Secondly, we can address the dearth of technology and science companies in the FTSE100 by introducing a delisting fee when a company exits and by creating a junior market for science and technology.
The funds from this can prime the market-research funding model that no longer functions. More firms will mean more analysts in this sector with the depth of knowledge to properly understand them, which in turn will lead to smarter investment.
If we are really going to create more billion-pound businesses, we must also think hard about the obstacles that stop late-stage companies raising money. They demand greater sums to grow but due to regulatory anachronisms, institutions like banks and insurance companies often face regulatory barriers to how much they can invest in these types of companies.
While protecting the financial stability of those institutions, we should address this.
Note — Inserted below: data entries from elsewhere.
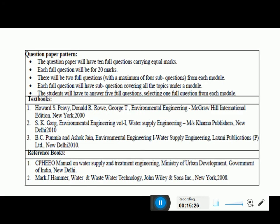This is the pattern of the question paper. It will have 10 full questions carrying equal marks. Each full question will be of 20 marks, and there will be 2 full questions with a maximum of 4 sub-questions from each module. The sub-questions cover all the topics under a module. Students have to answer 5 full questions, selecting 1 full question from each module. You have to read everything completely to get maximum marks.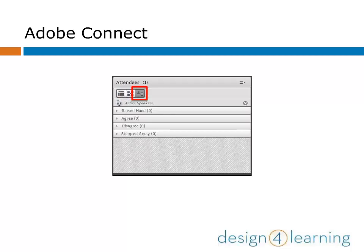The third icon in the Attendees Pod allows the host to monitor participant interaction. It groups together raised hands and responses to questions or polls that were distributed during the session.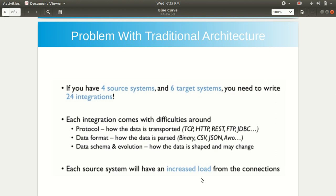This is the issue with the traditional architecture. Apache Kafka came to rescue us — that's the reason we are using Kafka nowadays.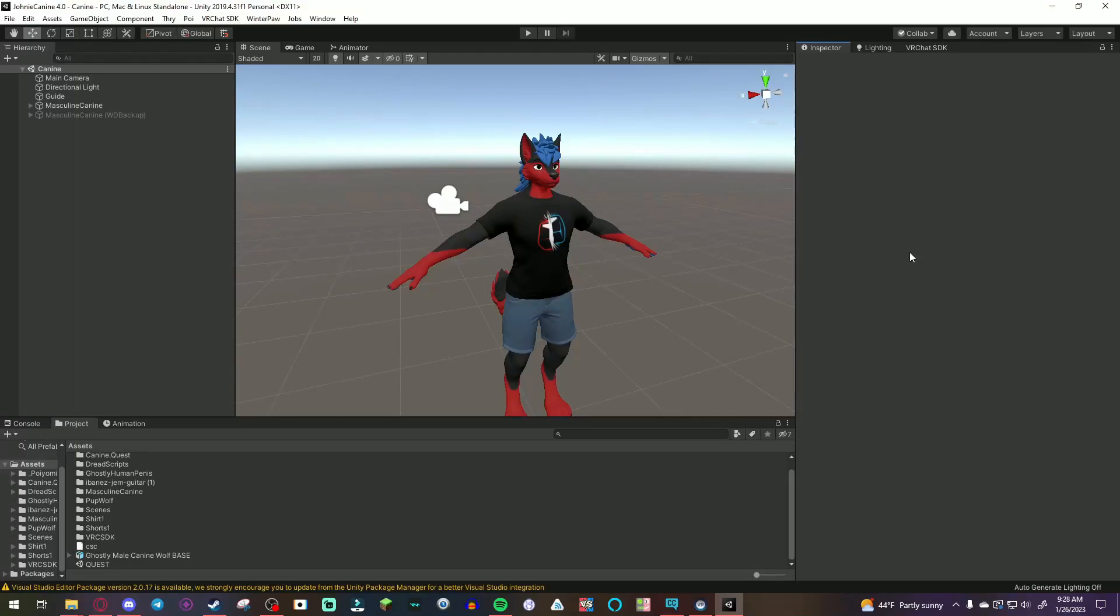Greetings, canine crew. Welcome back to a Unity tutorial. This time, this one's going to be a much simpler and quicker way to optimize your avatar for quests.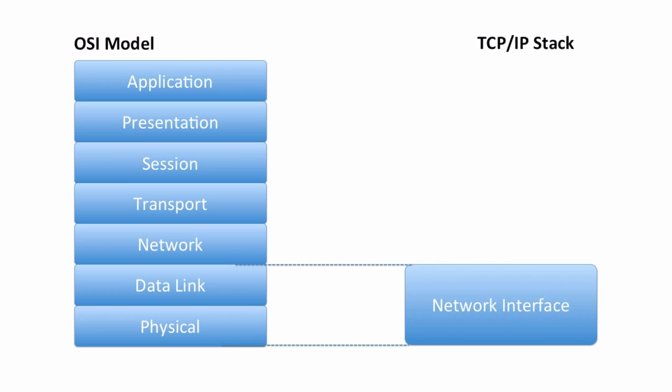It can travel over frame relay, ATM, or the point-to-point protocol. We can have a variety of physical media over which it travels. It could go over fiber optics, unshielded twisted pair, or we could be using a wireless network.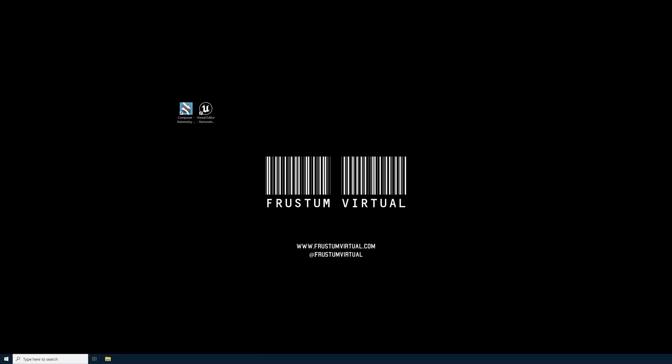Hello, my name is Taylor Ross. I'm an Eximetry Ambassador and the owner of Frustum Virtual in Los Angeles, California. In this tutorial, I'll be showing you how to set up Eximetry Eye.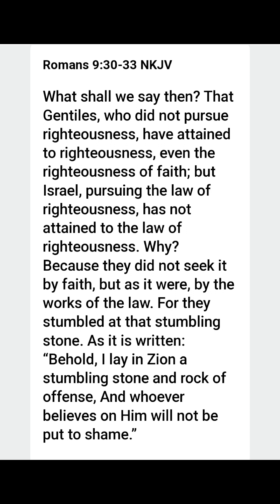What shall we say then, that Gentiles who do not pursue righteousness have attained to righteousness, even the righteousness of faith, but Israel, pursuing the law of righteousness, has not attained to the law of righteousness? Why? Because they did not seek it by faith, but as it were by the works of the law. For they stumbled at that stumbling stone. As it is written, Behold, I lay in Zion a stumbling stone and rock of offense, and whoever believes on Him will not be put to shame.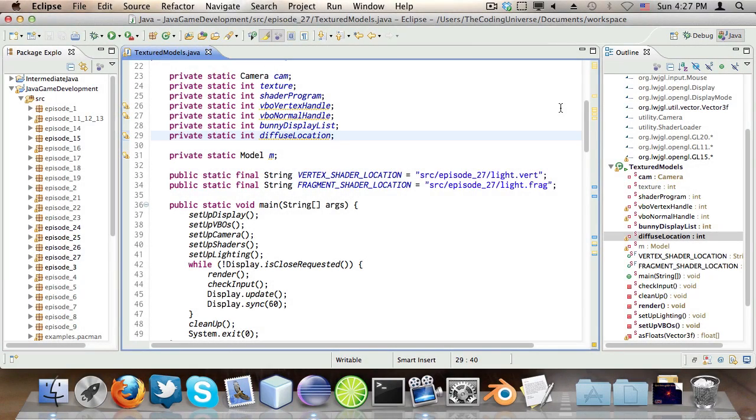Hello, my name is Oscar and this is the 27th episode of Java Game Development, a series in which I exploit the possibilities of developing your very own game using the lightweight Java game library in a programming language called Java.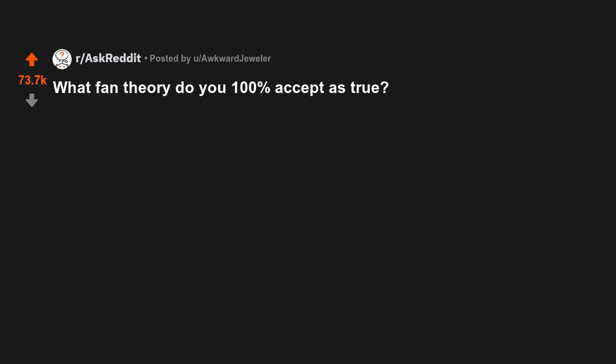What fan theory do you 100% accept as true? Not sure if this counts, but Donkey from Shrek being one of the kids from Pinocchio who turned into a donkey is pretty mind-blowing.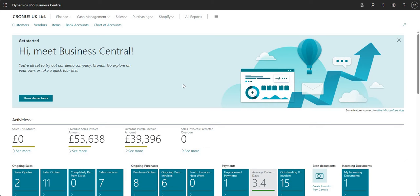Hi there everyone and welcome to this video. Today we will be talking through how to post depreciation in Business Central. We've got a few videos around fixed assets and we will do a few more, but this one in particular will focus on the setup, the configuration and the process for calculating depreciation in BC. So let's get into it.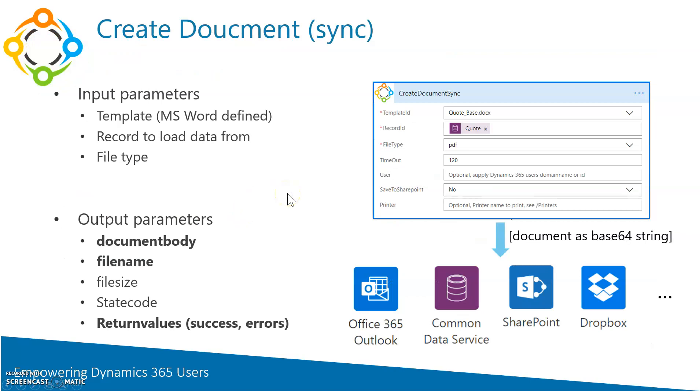How does such an action look like? An action always has some input parameters and provides some output parameters. Input parameters in that case are three. The first one: what document do you want to generate? So you have to select a template that has been defined with the Microsoft Word-based template designer before.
Investors should also be allowed to decide for themselves whether the corporate governance of fast-growing technology firms is good enough. A rulebook should not stop them from backing a company because – for example – not enough shares are publicly traded when it lists, as is often the case in the tech stars.
The interests of these firms and the UK itself are – after all – deeply entwined. They will drive our economy in future, but almost every one of them has relied in some way on the British taxpayer as they have developed their technology. They shouldn’t be easily spirited away from us.
In the US companies protect themselves with a ‘poison pill’ clause, but British companies cannot do this. Is a solution to change the rules to ensure that where a potential buyer of a UK firm has a poison pill clause, the target company can enable one too? The new National Security and Investment Bill will protect businesses from foreign takeovers where there is a risk to national security, so now let’s do a little more to level the playing field.
Taken together these ideas would see more start-ups attain real scale and leave Britain with more founders to inspire the next generation of entrepreneurs. It is thrilling to see a company you have created take a transformative technology towards a listing as I have with Darktrace. Few in the UK have shared this experience and we need to make sure more follow.
Those founders should see the UK as the obvious place to launch, grow, and list deep technology businesses. We already have the talent. A few select reforms will help us create the best business environment in the world for innovation.